Now, all of a sudden everything changes, verse 6. According to the laws of redemption, this guy couldn’t do it.  So, he loses out.  All right, read it.

Ruth 4:6

“And the (first) kinsman said, I cannot redeem it for myself, lest I mar mine own inheritance: redeem thou my right to thyself; for I cannot redeem it.”  Now according to the laws of Israel, and I haven’t go time to go into all that, but they recognized that this first next of kin, for whatever relationship he had other than Naomi, he could not redeem it.    So that opens the door for Boaz.

Ruth 4:7-8

“Now this was the manner in former time in Israel concerning redeeming and concerning changing, for to confirm all things; a man plucked off his shoe, (This is the way they consummated these things legally.) a man plucked off his shoe, and gave it to his neighbor: and this was a testimony in Israel. 8. Therefore the kinsman said unto Boaz, Buy it for thee.  So he drew off his shoe. 

Ruth 4:9-10

“ And Boaz said unto the elders, and to all the people, Ye are witnesses to this day, that I have bought all that was Elimelech’s, and all that was Chilion’s and Mahlon’s, of the hand of Naomi. 10. Moreover Ruth the Moabitess, the wife of Mahlon, have I purchased to be my wife, (Everything is falling in place.) to raise up the name of the dead upon his inheritance, that the name of the dead be not cut off from among his brethren, and from the gate of his place: ye are witnesses this day.”  Now verse 11.

Ruth 4:11-12a

“And all the people that were in the gate, and the elders, said, We are witnesses. The LORD make the woman that has come into thine house like Rachael and like Leah, which two did build the house of Israel: and do thou worthily in Ephratah, and be famous in Bethlehem: 12.  And let thy house be like the house of Pharez, whom Tamar bare unto Judah,…”
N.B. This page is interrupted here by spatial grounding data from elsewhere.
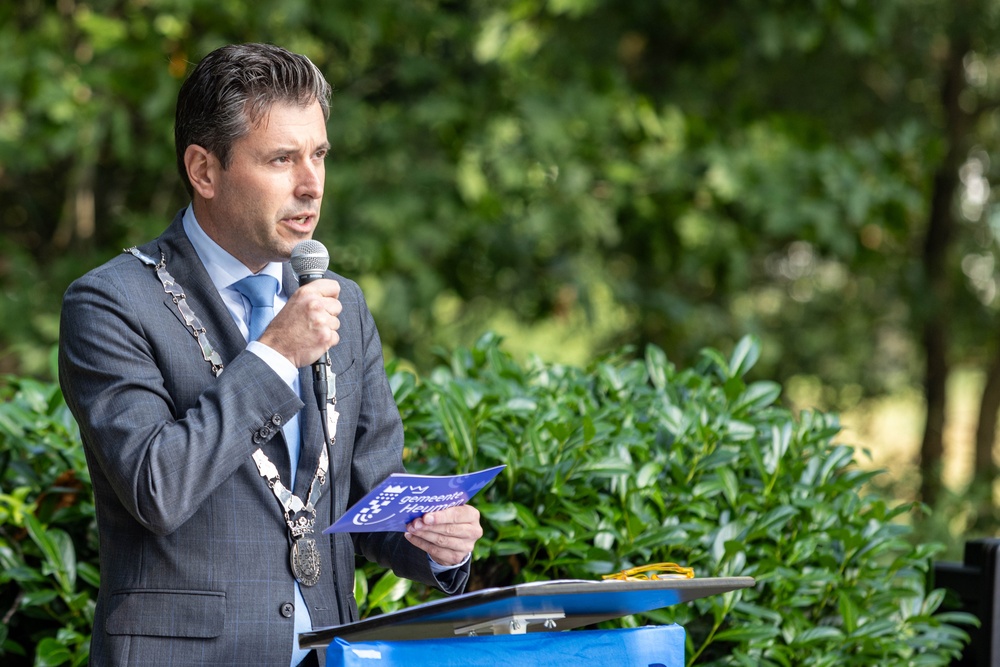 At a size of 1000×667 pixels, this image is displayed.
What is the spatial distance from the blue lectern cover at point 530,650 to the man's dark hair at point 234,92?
873 millimetres

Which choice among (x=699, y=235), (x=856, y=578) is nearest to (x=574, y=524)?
(x=856, y=578)

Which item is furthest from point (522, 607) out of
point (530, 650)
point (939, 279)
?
point (939, 279)

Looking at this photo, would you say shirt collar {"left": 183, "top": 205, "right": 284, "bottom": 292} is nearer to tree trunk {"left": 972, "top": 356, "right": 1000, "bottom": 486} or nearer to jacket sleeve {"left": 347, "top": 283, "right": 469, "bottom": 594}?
jacket sleeve {"left": 347, "top": 283, "right": 469, "bottom": 594}

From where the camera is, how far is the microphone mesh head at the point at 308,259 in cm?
206

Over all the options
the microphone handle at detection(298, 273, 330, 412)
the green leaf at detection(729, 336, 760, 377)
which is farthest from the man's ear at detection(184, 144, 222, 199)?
the green leaf at detection(729, 336, 760, 377)

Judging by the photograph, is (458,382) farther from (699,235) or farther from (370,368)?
(699,235)

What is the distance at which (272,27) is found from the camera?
603 centimetres

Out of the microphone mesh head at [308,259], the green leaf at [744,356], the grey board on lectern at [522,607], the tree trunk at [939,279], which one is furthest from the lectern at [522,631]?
the tree trunk at [939,279]

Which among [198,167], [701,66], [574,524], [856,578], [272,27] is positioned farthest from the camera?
[701,66]

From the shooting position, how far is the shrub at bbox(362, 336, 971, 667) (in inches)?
124

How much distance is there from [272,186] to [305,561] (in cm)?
66

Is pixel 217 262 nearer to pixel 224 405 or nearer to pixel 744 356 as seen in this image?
pixel 224 405

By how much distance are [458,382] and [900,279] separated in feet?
17.1

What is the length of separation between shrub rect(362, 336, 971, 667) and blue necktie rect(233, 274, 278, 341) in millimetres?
1051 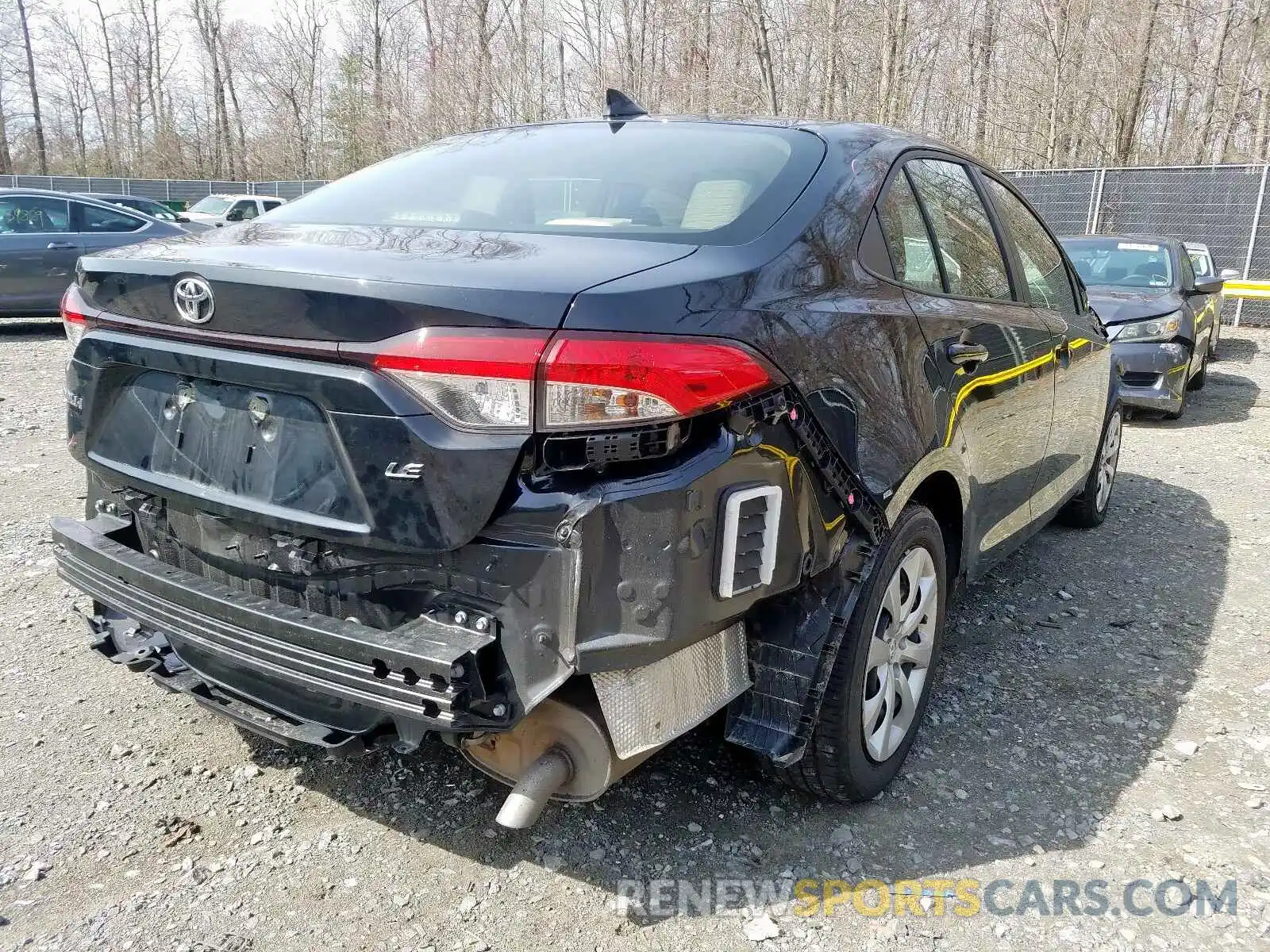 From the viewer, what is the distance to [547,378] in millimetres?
1852

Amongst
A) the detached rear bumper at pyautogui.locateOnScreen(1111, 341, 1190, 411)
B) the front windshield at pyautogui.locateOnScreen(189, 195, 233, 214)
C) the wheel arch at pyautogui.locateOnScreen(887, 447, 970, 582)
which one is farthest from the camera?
the front windshield at pyautogui.locateOnScreen(189, 195, 233, 214)

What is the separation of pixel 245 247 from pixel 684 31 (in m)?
24.2

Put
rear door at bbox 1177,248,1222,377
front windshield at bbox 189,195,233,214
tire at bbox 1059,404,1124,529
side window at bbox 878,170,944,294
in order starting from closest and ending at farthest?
side window at bbox 878,170,944,294
tire at bbox 1059,404,1124,529
rear door at bbox 1177,248,1222,377
front windshield at bbox 189,195,233,214

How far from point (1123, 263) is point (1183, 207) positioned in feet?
24.6

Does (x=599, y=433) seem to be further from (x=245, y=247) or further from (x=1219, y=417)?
(x=1219, y=417)

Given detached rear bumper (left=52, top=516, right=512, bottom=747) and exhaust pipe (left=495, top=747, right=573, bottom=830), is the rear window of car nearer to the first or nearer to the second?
detached rear bumper (left=52, top=516, right=512, bottom=747)

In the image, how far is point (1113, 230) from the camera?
16.4 m

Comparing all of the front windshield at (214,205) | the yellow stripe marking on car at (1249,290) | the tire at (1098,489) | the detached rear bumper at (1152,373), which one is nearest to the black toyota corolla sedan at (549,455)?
the tire at (1098,489)

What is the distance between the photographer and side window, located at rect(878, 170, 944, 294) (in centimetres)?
276

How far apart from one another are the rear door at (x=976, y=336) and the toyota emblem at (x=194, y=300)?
1.74 m

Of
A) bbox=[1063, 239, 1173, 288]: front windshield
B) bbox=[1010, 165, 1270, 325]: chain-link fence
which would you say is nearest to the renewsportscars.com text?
bbox=[1063, 239, 1173, 288]: front windshield

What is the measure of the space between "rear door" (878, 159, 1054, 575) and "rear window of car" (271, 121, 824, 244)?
42 cm

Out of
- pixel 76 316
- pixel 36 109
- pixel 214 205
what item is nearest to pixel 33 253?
pixel 76 316

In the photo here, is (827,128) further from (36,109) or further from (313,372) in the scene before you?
(36,109) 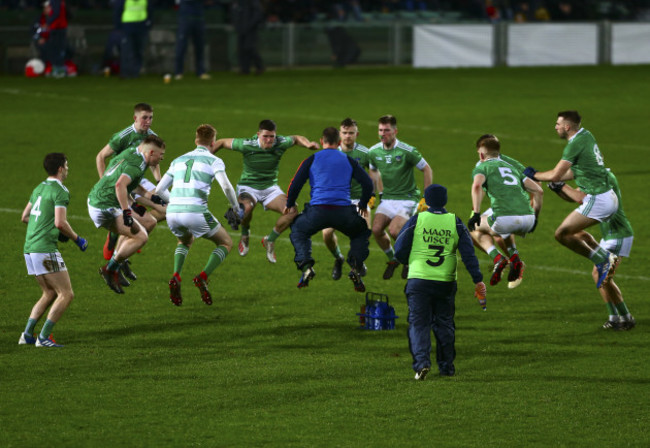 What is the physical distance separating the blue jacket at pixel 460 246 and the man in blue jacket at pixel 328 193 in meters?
3.09

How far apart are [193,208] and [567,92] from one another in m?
24.0

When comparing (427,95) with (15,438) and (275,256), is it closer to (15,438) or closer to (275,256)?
(275,256)

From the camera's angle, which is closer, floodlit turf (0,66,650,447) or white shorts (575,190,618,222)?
floodlit turf (0,66,650,447)

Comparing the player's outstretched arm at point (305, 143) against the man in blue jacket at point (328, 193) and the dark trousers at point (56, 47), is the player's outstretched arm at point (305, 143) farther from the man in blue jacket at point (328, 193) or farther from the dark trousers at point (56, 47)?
the dark trousers at point (56, 47)

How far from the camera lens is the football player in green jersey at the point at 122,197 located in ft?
51.7

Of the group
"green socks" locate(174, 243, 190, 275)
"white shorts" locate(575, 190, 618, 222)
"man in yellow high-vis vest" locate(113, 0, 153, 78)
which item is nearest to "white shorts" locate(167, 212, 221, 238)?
→ "green socks" locate(174, 243, 190, 275)

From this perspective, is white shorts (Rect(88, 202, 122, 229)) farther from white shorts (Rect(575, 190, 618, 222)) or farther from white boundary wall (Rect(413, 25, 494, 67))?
white boundary wall (Rect(413, 25, 494, 67))

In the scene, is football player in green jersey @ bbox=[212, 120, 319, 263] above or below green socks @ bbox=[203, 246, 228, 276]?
above

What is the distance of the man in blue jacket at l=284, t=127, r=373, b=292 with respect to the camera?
15523mm

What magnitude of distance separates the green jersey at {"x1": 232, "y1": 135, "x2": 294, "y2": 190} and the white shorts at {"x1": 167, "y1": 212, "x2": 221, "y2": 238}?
8.21 ft

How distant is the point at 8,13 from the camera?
40812 millimetres

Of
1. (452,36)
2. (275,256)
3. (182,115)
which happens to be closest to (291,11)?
(452,36)

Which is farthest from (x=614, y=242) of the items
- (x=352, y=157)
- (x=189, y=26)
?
(x=189, y=26)

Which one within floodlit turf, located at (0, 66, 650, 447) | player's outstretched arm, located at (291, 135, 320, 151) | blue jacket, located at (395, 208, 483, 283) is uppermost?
player's outstretched arm, located at (291, 135, 320, 151) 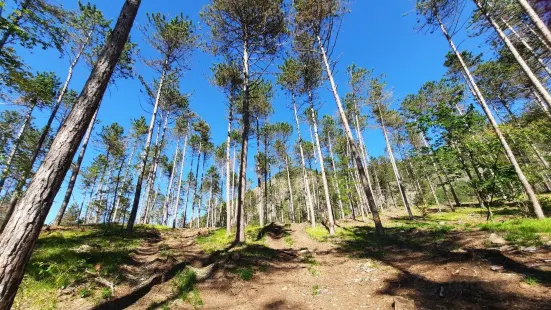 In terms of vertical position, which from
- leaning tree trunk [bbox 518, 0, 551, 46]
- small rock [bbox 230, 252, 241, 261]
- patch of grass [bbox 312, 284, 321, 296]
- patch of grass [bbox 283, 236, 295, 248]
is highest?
leaning tree trunk [bbox 518, 0, 551, 46]

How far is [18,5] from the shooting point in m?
8.39

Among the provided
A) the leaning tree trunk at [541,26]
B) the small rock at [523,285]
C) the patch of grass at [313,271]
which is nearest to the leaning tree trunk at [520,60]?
the leaning tree trunk at [541,26]

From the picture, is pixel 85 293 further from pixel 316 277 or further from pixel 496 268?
pixel 496 268

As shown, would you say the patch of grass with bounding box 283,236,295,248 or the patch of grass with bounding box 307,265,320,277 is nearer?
the patch of grass with bounding box 307,265,320,277

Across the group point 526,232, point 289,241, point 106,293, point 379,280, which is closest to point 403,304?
point 379,280

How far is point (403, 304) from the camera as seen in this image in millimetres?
4281

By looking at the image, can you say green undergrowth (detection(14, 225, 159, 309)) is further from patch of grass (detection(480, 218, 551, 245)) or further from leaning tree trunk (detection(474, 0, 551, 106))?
leaning tree trunk (detection(474, 0, 551, 106))

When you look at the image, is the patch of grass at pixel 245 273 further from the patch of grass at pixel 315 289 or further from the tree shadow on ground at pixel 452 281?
the tree shadow on ground at pixel 452 281

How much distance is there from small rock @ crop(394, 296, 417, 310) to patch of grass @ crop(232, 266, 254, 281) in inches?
159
Oh, now wait a minute.  Here is what gets interesting in the genealogy of Christ.  Is it just a genealogy of the elite? Is it just a genealogy of the noble?  No.  Because what was Tamar?   Come on, you don’t want to say it, do you?  She was a prostitute. She had a child by Judah, who went in when he certainly shouldn’t have, but she ends up in the genealogy.   These people are aware of that.  They said well let Ruth be in the same vein.  Sure, she’s a Moabitess, but here by Divine appointment she has come in, and she’s going to be a part of this lineage of Israel.  Now, they didn’t know ahead.  They were just looking at what had gone in the past.   That’s why they said:

Ruth 5:12-14

“And let thy house be like the house of Pharez, whom Tamar bare unto Judah, of the seed which the LORD shall give thee of this young woman. 13. So Boaz took Ruth, and she was his wife: and when he went in unto her, the LORD gave her conception, and she bare a son. 14. And the women said unto Naomi, Blessed be the LORD, which hath not left thee this day without a kinsman, that his name may be famous in Israel.”

Ruth 4:15

“And he shall be unto thee a restorer of thy life, (Now this is still where Naomi is coming in.) and a nourisher of thine old age: for thy daughter-in-law, who loveth thee, which is better to thee than seven sons, hath born him.”  Now, what does this do for Naomi?  Why, this put her in a place of ease for the rest of her days. Instead of being poverty stricken, she can now live with a certain amount of wealth.   But the important thing is what does this do with Ruth?  It puts her right into the genealogy of Jesus Christ.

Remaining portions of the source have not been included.